Thomas Rademacher's audience is not impressed.
That he was named Minnesota Teacher of the Year in 2014, that he just wrote a book on the lessons he has learned from his profession, mean little to the seventh-graders who face him like a firing squad.
His accomplishments "give me no credentials" with the kids he shepherds into young adulthood, he said on a recent afternoon in his English classroom at the FAIR School in Crystal.
Middle school is a tough crowd.
In his blunt and witty new memoir, "It Won't Be Easy: An Exceedingly Honest (and Slightly Unprofessional) Love Letter to Teaching," Rademacher goes behind the scenes into some of his more challenging encounters with his charges.

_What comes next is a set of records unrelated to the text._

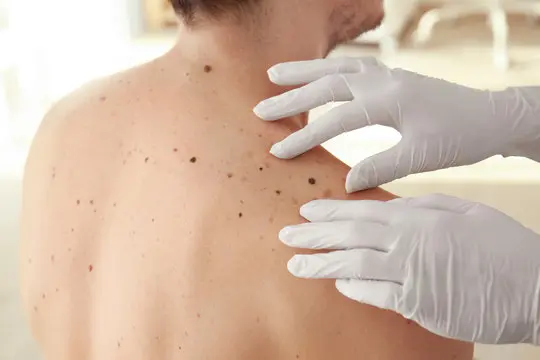 Imagem ilustrativa de Cirurgia dermatológica em Uberlândia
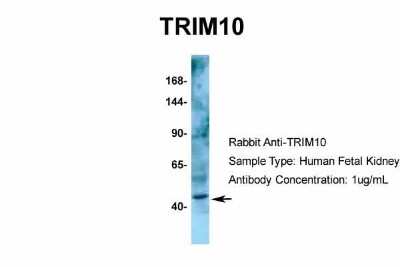 Western Blot: TRIM10 Antibody [NBP2-85982]
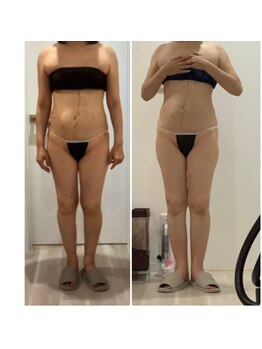 プラチナアース つくば店(Platinum earth)/痩身ビフォーアフター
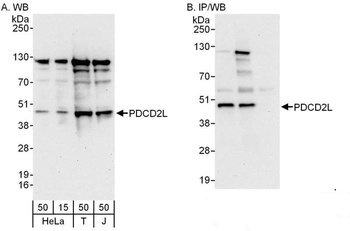 Rabbit anti-PDCD2L Antibody, Affinity Purified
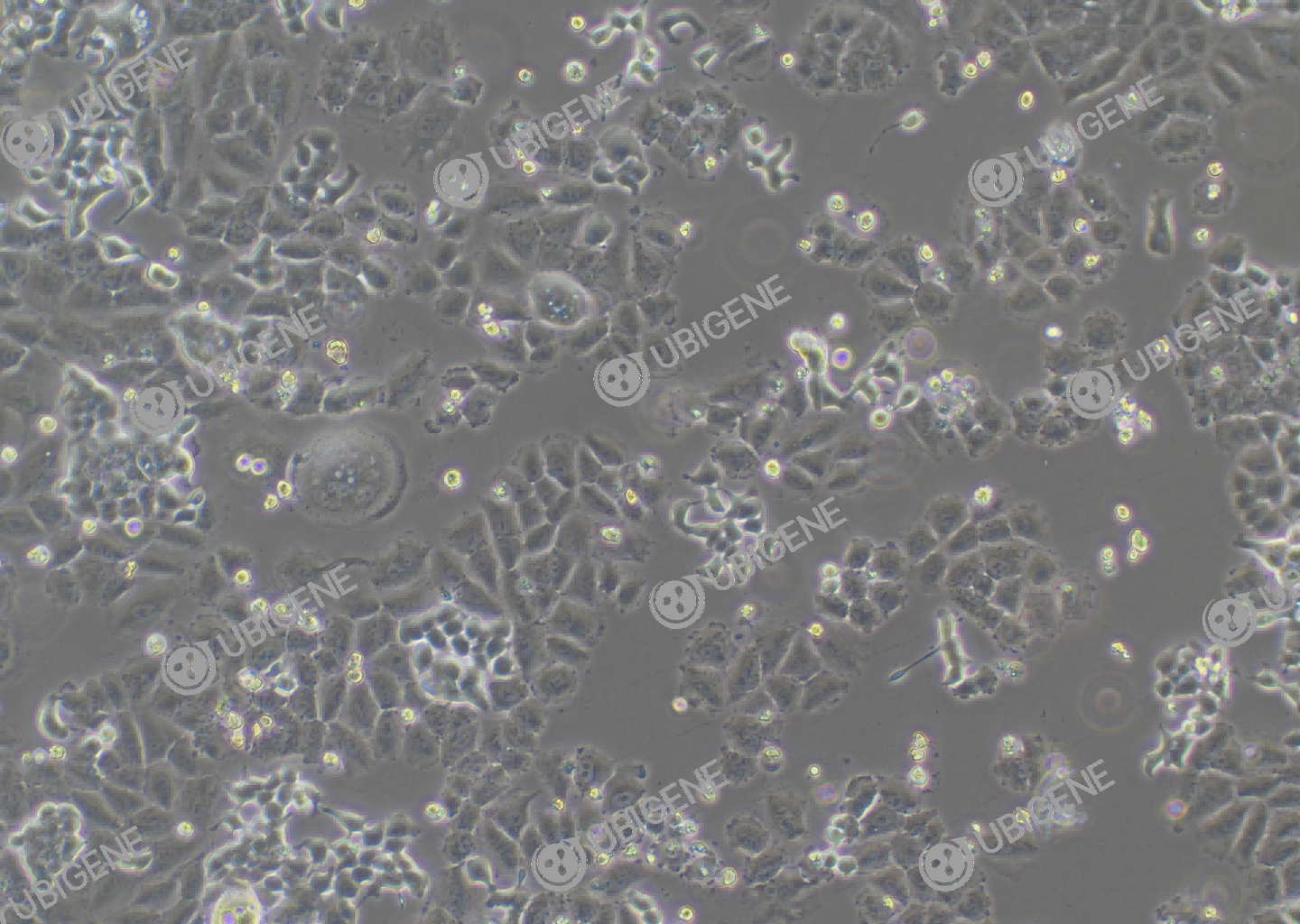 NCI-H727 cell line Cultured cell morphology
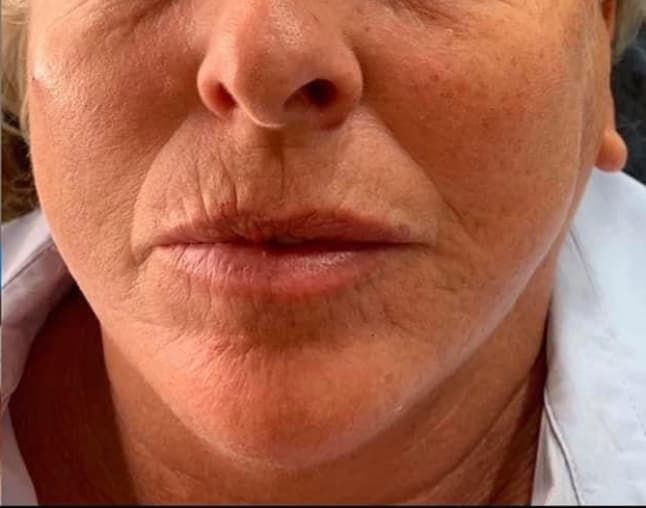 Skin Boosters & Dermal Fillers after
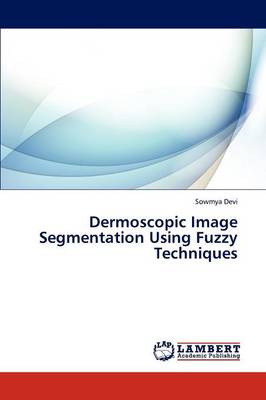 Dermoscopic Image Segmentation Using Fuzzy Techniques (Paperback)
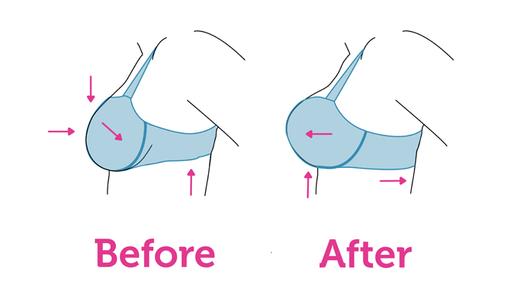 Are size G breasts supposed to be pushed out towards your armpits? :  r/ABraThatFits
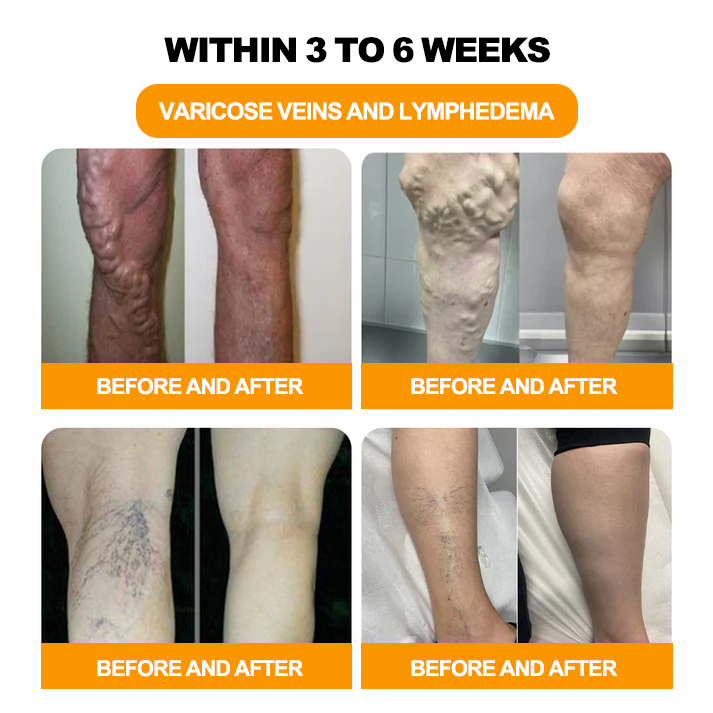 NESLEMY™ 30-Herb Slimming & Detox Foot Bath Beads-🦵👩‍⚕️(LANA Certification, Lymphatic Association of America)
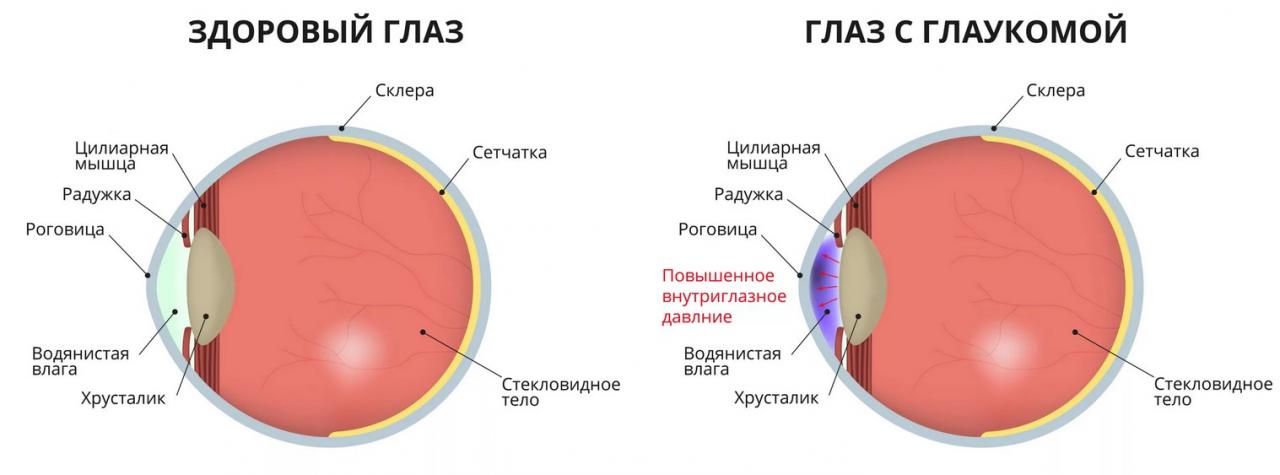 Глаукома: группы риска, причины, лечение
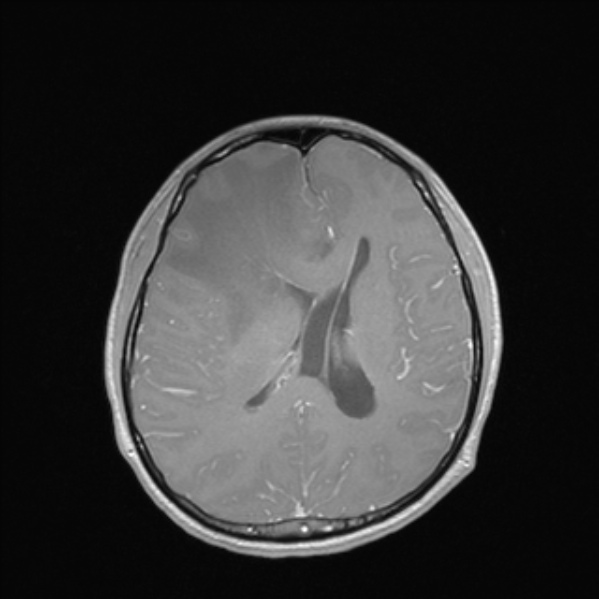Cerebral abscess (Radiopaedia 24212-24478 Axial T1 C+ 37).jpg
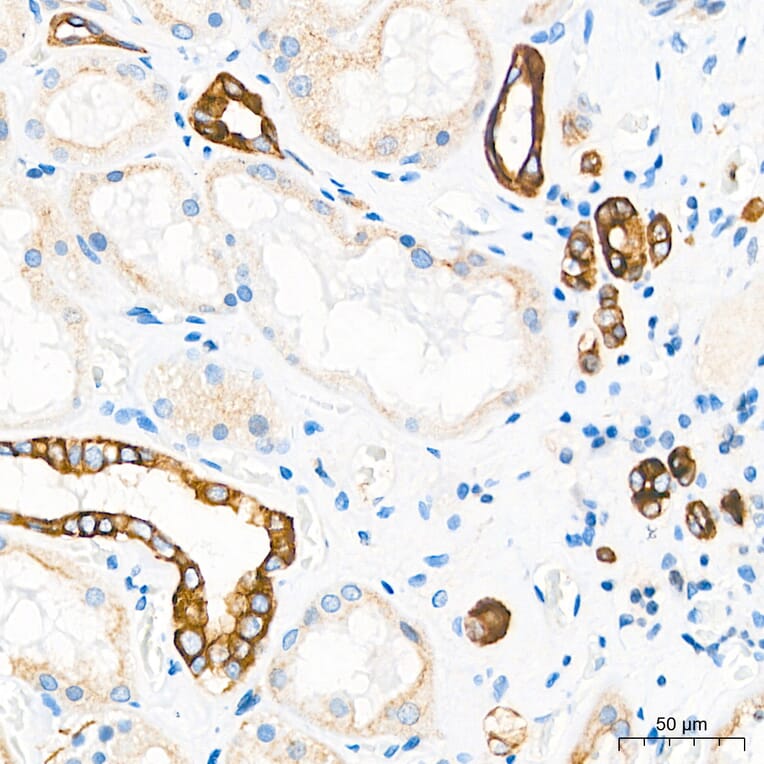 Immunohistochemistry - Anti-Cytokeratin 10 Antibody (A329305) - Antibodies.com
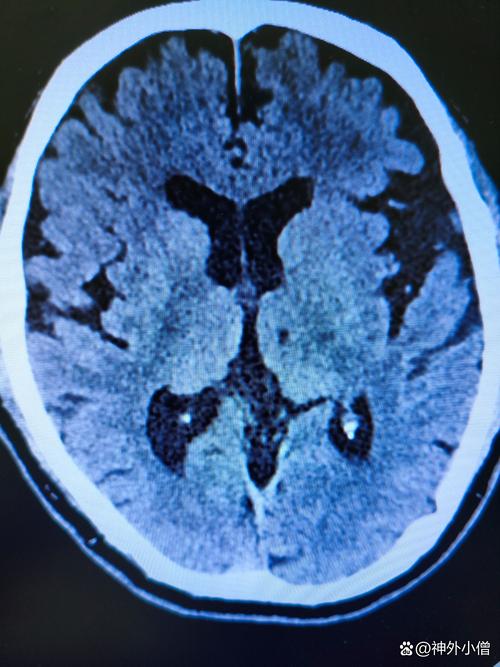 桥脑腔隙性脑梗痊愈了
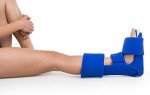 Procare ProWedge Night Splint for Plantar Fasciitis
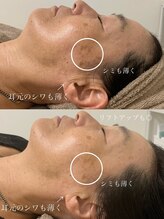 ニコ(25)/ラミピール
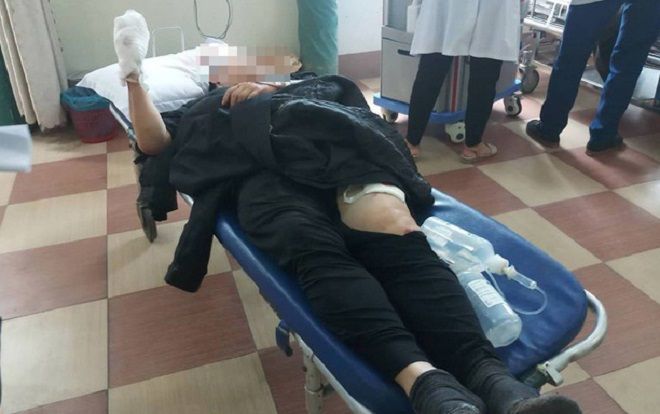 Ông chủ quán ăn bị người xe ôm chém đứt bàn tay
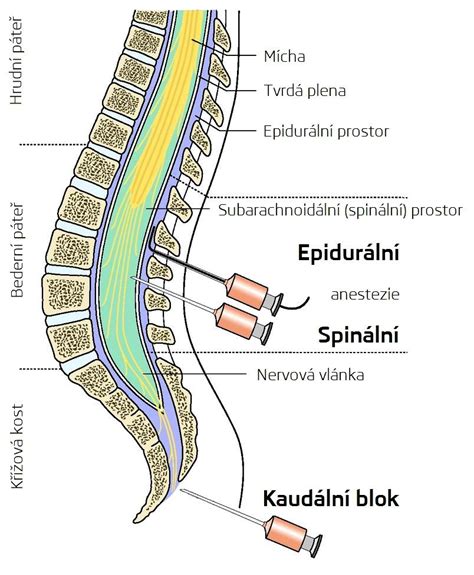 anatomický nákres podání epidurální anestezie
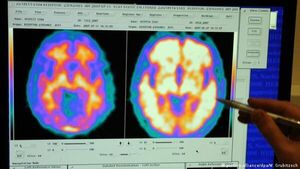 Nuevo estudio cuestiona duramente la principal teoría sobre las causas y tratamientos del Alzheimer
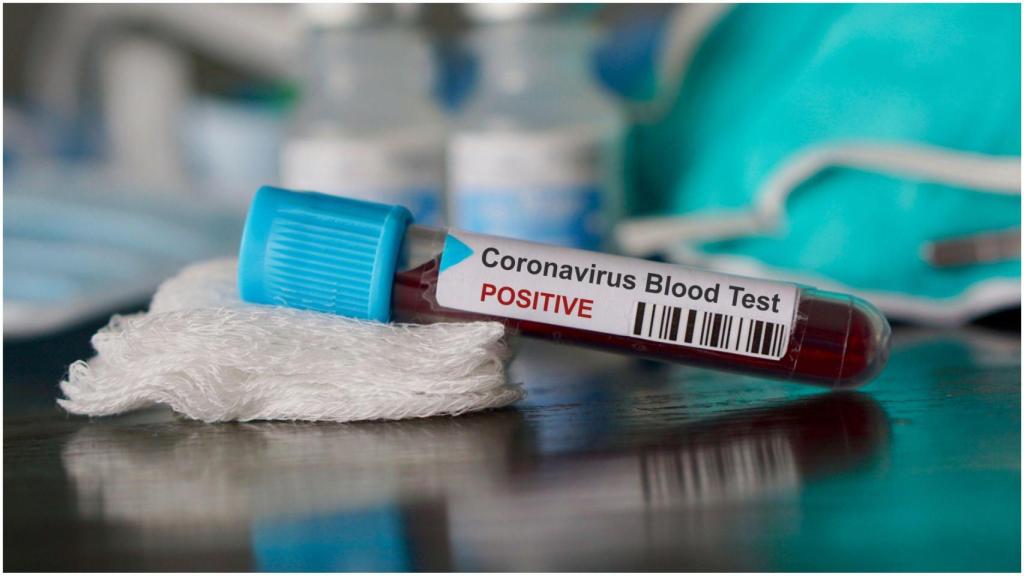 Coronavirus, positivo.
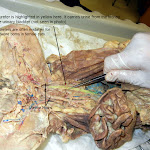 cat_ureter_L.JPG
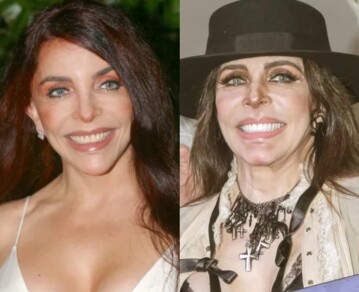 El antes y después de Verónica Castro y otras cinco famosas irreconocibles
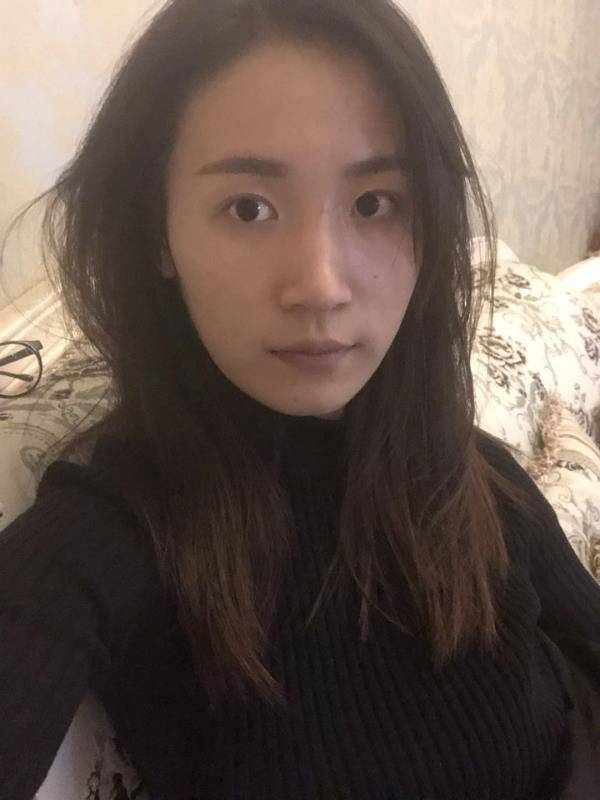 假体隆鼻半个月就不肿了,有些人说鼻梁太高?太假?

Rademacher's 10 years as an English teacher are fodder for tales both devastating and inspiring, from the time he got a death threat from a student to the times he got schooled on his own unintentional misogyny and racism, from the times he almost quit to the time he realized teachers should always keep around a spare pair of pants. His vivid, no-holds-barred stories about his ups and downs at the head of the class serve as a guidebook to other young educators, as well as a window for outsiders into the often mystifying ecosystem that is school.
"Teaching is 1,000 puzzles a day that you need to figure out in 30 seconds," he said.
Approaching those puzzles with humor seems to have given him an edge.